Copy exactly the lines that run from the top of the listing to the line containing "Rows and rows", both ends included, and omit the pictures.

:: DATASET ENTRIES

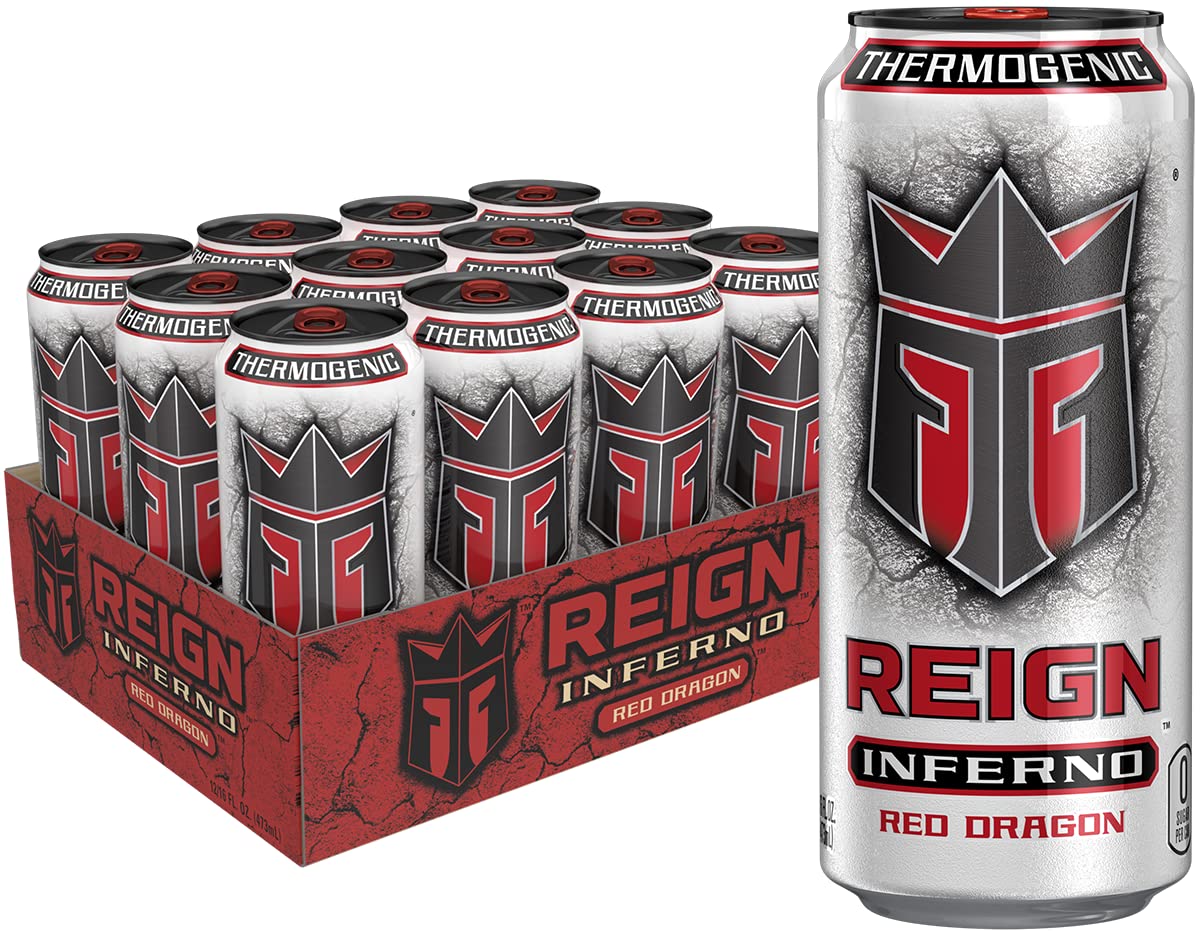 Reign Inferno 红龙，生热燃料，健身和性能饮料，16 液体盎司（12 件装）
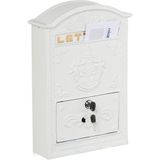 Relaxdays - Antieke Wandbrievenbus - Wit-Goud - A4 - Met Slot en 2 Sleutels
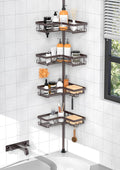 KEGII 4-Tier Corner Shower Caddy Tension Pole - Waterproof Shower Rod Organizer, Floor to Ceiling Tension Rod 25-114.2 inch, Stainless Steel Corner Shower Shelf, Bronze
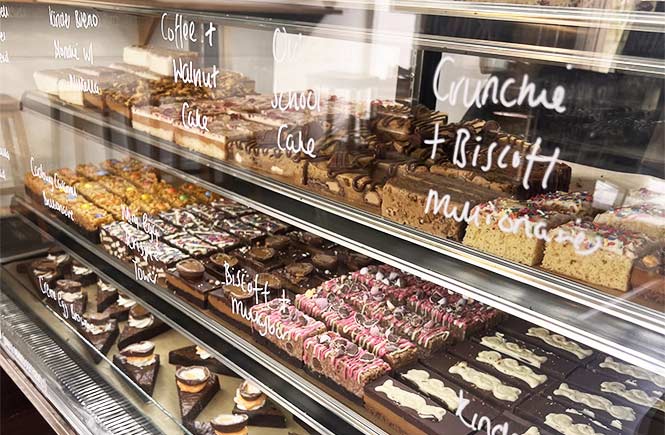 Rows and rows of brownies and fresh bakes at BakedPZ bakery in Cornwall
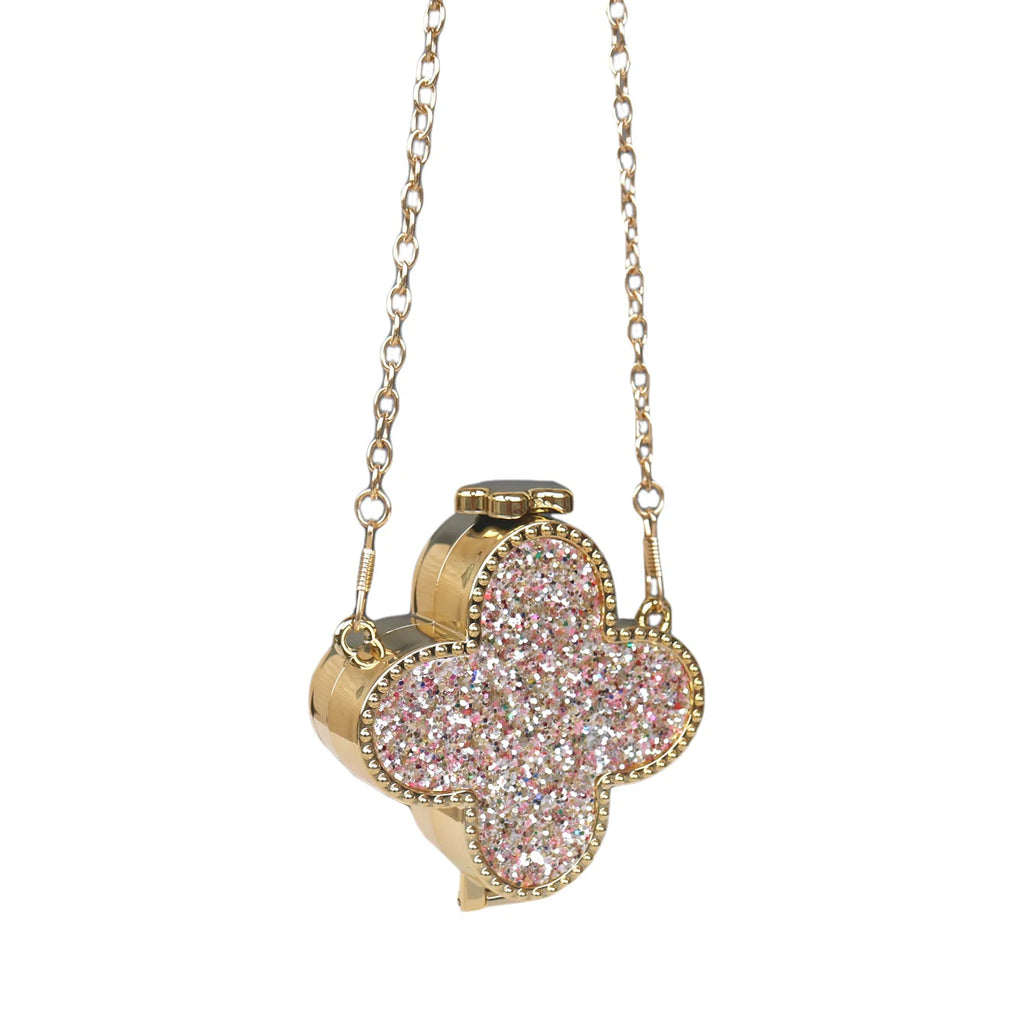 Bolso de mano con diamantes de imitación de trébol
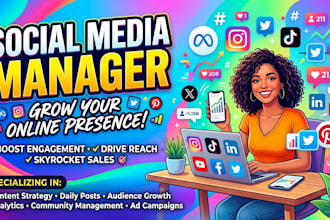 be your SMM, social media manager and professional social media marketer
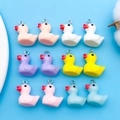 Colorful resin duck charms for DIY earrings and necklaces shown on a bright blue backdrop - Mixed 6 Styles Resin Duck Set (2 Pcs Each)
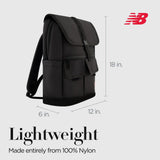 Concept One New Balance Flap Duffel Backpack, Legacy Icon Commuter Travel Bag for Men and Women, Black, 19 Inch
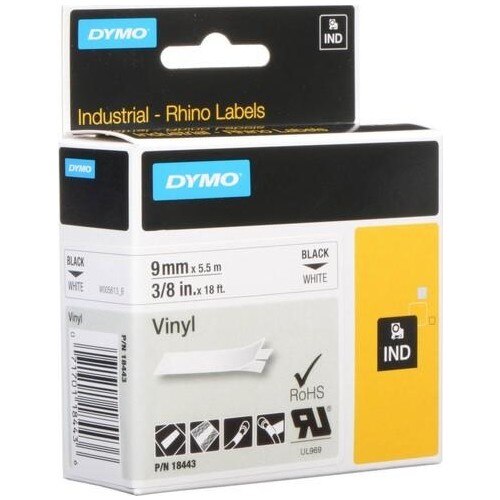 Dymo 18443 Rhinopro Kleurrijke Vinyl Strip (9 Mmx5,5Mt) Wit/Zwart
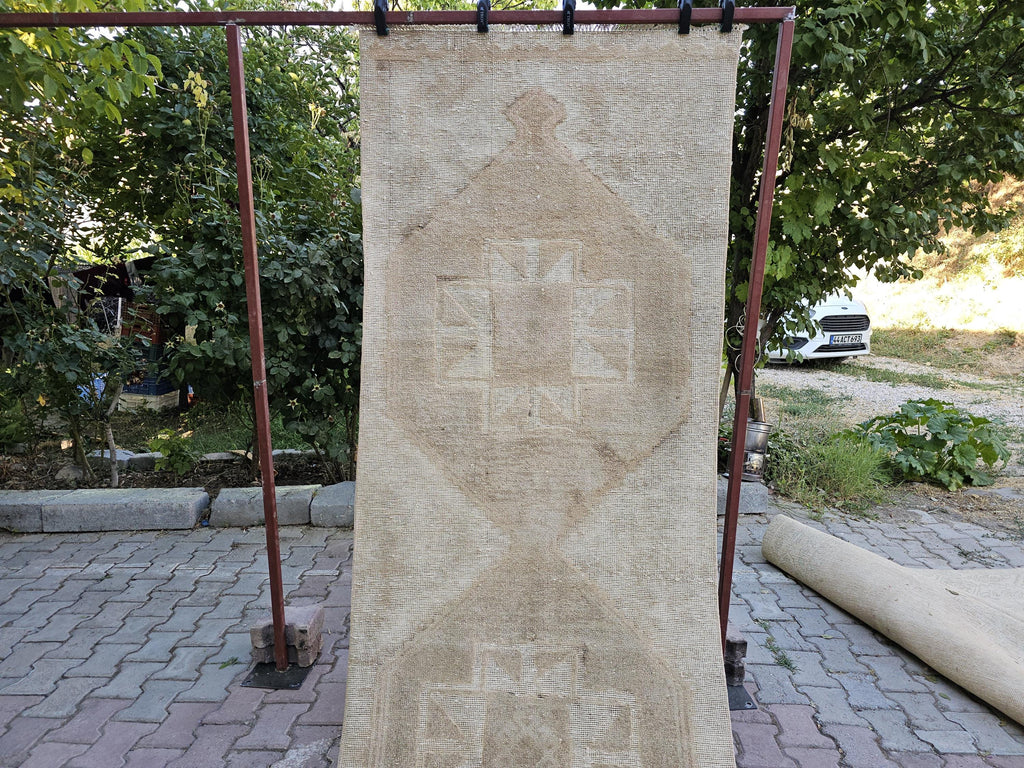 Beige Oushak Runner: Handmade Wool Anatolian Style Neutral Turkish Rug, 3.3x12.65 ft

::::

• [EXPECTED OUTPUT]
 Reign Inferno 红龙，生热燃料，健身和性能饮料，16 液体盎司（12 件装）
 Relaxdays - Antieke Wandbrievenbus - Wit-Goud - A4 - Met Slot en 2 Sleutels
 KEGII 4-Tier Corner Shower Caddy Tension Pole - Waterproof Shower Rod Organizer, Floor to Ceiling Tension Rod 25-114.2 inch, Stainless Steel Corner Shower Shelf, Bronze
 Rows and rows of brownies and fresh bakes at BakedPZ bakery in Cornwall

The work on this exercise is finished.